Some thoughts on the unsurprising downfall of the Rolling Stone founder and editor, including a Brothers and Sisters excerpt.
Gary Trudeau had Wnner's number in the early 70's and made fun of him in Doonesbury (Duke once said he needed both hands for social climbing). He is the very epitome of establishment but he pretends to be cooler than cool. His prejudices against certain great rock acts are bizarre. Maybe now that he is gone Jethro Tull will get nominated.
Thanks for turning something negative -- Wenner's well-deserved roasting for being a cringe-y Boomer disappointment -- into something positive: a timely reminder that, Wenner's founder status and outsized influence notwithstanding, he is not the all of Rolling Stone, and the magazine was frequently better than his narrow vision.
Thank goodness for Cameron Crowe's work, and also Ellen Willis' (R.I.P.).
Nice read to begin my day up here in a somewhat soggy Tupper Lake, NY!
I also recently completed Brother & Sisters. Nice work Alan. Of all the rock bios I ever read (and I've read A LOT of them), One Way Out was head and shoulders above the rest. Brothers & Sisters is a most worthy follow up. Congrats.
I read Sticky Fingers, and while not really surprised by what a sleaze Wenner is, I was surprised by how many people he conned.
Maybe now Boz Scaggs can finally get in the Rock 'n' Roll Hall of Fame, though that award looks less prestigious by the year. Mark Knopfler and Van Morrison had the right idea by not bothering to show up when voted in.
Yeah, I never considered Wenner as anyone of cultural significance beyond a bright and timely entrepreneur with capitalist intentions in the midst of the ‘60s Revolution. He surely was no altruistic visionary. He was fine pushing booze and cigarette ads and shilling for record companies in return for access for years so why would one consider him in any other light? The irony is how Wenner profited from the Black music industry with the deep well of iconic artists and sounds and seriously, couldn’t think to include any one pioneer’s voice? I long ago stopped reading RS or getting my cultural weather report from them. On another more delightful note, I found your Brothers and Sisters to be among the very best of any Brothers’ books. Scholarly researched and written with nuances from the special time that had never seen the real light of day. I haunted record and head shops for any DA session vinyls and any ABB magazines since the early 70s and thought I knew a lot. Then your book came out! Loved it. In my view, the Brothers and Sisters incarnation came as close to keeping alive the lightning-in-the-bottle magic of Duane and Berry’s short years. It’s when they became true superstars all the while haunted by the ghosts of what once was and the tsunami of fame’s temptations. It’s remarkable the Brothers went as long as they did although nothing was as creative or pure as ‘69-‘71 or the ‘73-‘76 Phoenix years. The very last runs of the Brothers were bittersweet to me. Most of the shows relied on the canon from the best two incarnations playing tribute to their leaders, youth, and early musical genius. I know legions of new fans came aboard in all the ensuing years, but damn, to have been there then was such a treat! That was my youth! You really captured it, man. Congrats Alan!

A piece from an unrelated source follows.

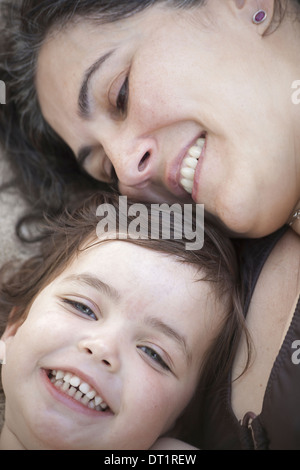Una chiusura di una madre e figlia giacente con le loro teste insieme a sorridere e ridere Foto Stock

Great excerpt Alan! I’m glad that Crowe spoke with you at length…it’s really a great perspective needless to say!
Another good read. Thanks Alan. As a young teenager in the early 70's my go to for rock & roll news was Circus magazine. I could hardly wait for the latest issue to hit the stand at Book City every month. I gravitated to Rolling Stone as I got a bit older. It was the only way to get my fix in the pre-internet days of the Stone Age. Keep up the great work.